Smart grids play an imperative role in the smartification process of urban areas towards energy efficiency and sustainability. They provide smart cities with an appropriate orchestration of the needs and capabilities of all entities in the electricity market, namely end-users, generators, grid operators, and stakeholders, maximising system reliability, resilience and stability.

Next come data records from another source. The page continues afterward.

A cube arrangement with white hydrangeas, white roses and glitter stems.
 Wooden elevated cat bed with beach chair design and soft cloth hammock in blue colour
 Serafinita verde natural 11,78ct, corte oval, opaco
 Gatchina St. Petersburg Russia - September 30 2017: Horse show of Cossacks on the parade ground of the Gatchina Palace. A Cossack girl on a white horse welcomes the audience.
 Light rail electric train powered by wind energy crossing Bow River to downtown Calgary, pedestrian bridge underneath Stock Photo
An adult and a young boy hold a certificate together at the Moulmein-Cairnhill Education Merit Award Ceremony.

The effective realisation of smart grids however still poses enormous challenges requiring the engagement of all interested parties to develop tailored technical, financial and regulatory solutions, which will enable their full potential.
IEEE Xplore References
- D. Menniti, N. Sorrentino, A. Pinnarelli, A. Burgio, G. Brusco and G. Belli, "In the future Smart Cities: Coordination of micro Smart Grids in a Virtual Energy District," Power Electronics, Electrical Drives, Automation and Motion (SPEEDAM), 2014 International Symposium on, Ischia, 2014, pp. 676-682.
- N. Huerta-Medina and E. L. Corominas, "A set of software tools for management and simulation of a Lighting Smart Grid," New Concepts in Smart Cities: Fostering Public and Private Alliances (SmartMILE), 2013 International Conference on, Gijon, 2013, pp. 1-6.
- Z. Fan, Q. Chen, G. Kalogridis, S. Tan and D. Kaleshi, "The power of data: Data analytics for M2M and smart grid," 2012 3rd IEEE PES Innovative Smart Grid Technologies Europe (ISGT Europe), Berlin, 2012, pp. 1-8.